An Acer ConceptD laptop sitting next to CES 2020 Innovation Award

Lifewire / Matthew S. Smith

Lenovo will pitch its latest ThinkPad and ThinkCentre hardware, focusing on home offices and remote work. Dell and HP, which have strong enterprise brands, will come in strong with new professional-grade hardware. These systems will be impressive, but they also won't be cheap.

While laptops are likely to remain the center of attention, expect the PC hardware industry to cast a very wide net. The surge in demand for monitors, webcams, keyboards, and other devices people need to work from home was high in 2020 and 2021. That demand hasn't let up, and CES 2022 will give big brands a chance to detail more products for the work-from-home lifestyle.

And Plenty of Home Tech

The smart home category was already hot. Once an also-ran lumped into other categories, home tech received dedicated space at recent shows, spotlighting the acceleration of smart home tech as a key classification.
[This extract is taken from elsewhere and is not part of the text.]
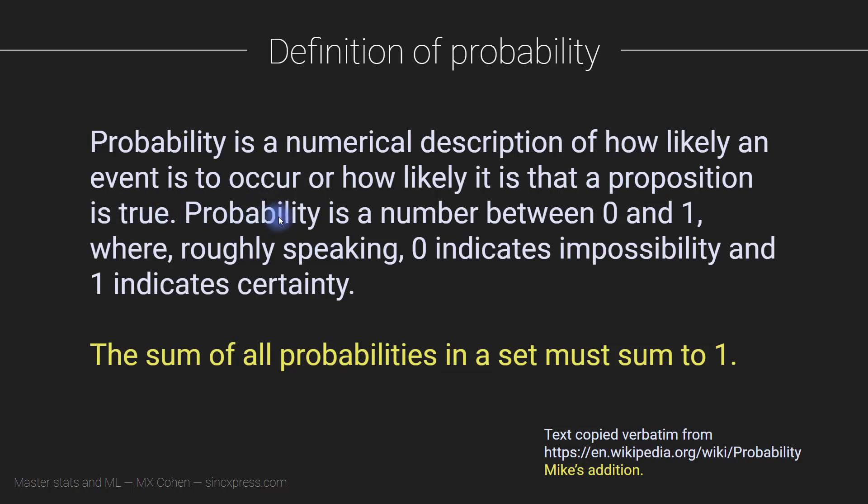Probability varies between zero and one. People often convert this by multiplying by 100, giving a range of zero to 100%, where zero indicates impossibility and one or 100% indicates certainty. And finally, the sum of all probabilities in a set must sum to 100% or one. The probability of something happening is 100%.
Unlike most categories, where a specific type of product tends to dominate, the smart home has no apparent center of gravity. Health products like air purifiers or home air quality detectors will continue to be popular at CES 2022, but they're far from alone. In 2021, Cuisinart showcased a food processor that also cooks for you. And Loftie had a smart clock that promises to make your morning alarm a bit more gentle. Finally, Xandar showed off its smart home radar that can detect and track residents.

Also, expect announcements from large companies, like Samsung and LG, which often use CES to show off their latest smart appliances. This category has struggled to achieve mainstream acceptance, but that hasn't stopped the big brands from trying.

In 2021, LG demonstrated a refrigerator that can detect users with voice recognition and continued to push its InstaView technology, a window that lets owners browse their fridge before opening it.

Car Tech Makes a Comeback

The automotive industry, increasingly forced to embrace high-tech electric powertrains and in-car infotainment, became a popular fixture at CES in recent years. Significant brands like BMW, Ford, and Mercedes debuted high-tech concepts and whisked away attendees in self-driving electric cars. The show's North hall was almost entirely devoted to automotive tech at CES 2020.

A Mercedes AVTR concept on stage with host explaining its features

Mario Tama / Getty Images

CES 2022 should be a welcome return to normality, at least within the realm of a new normal.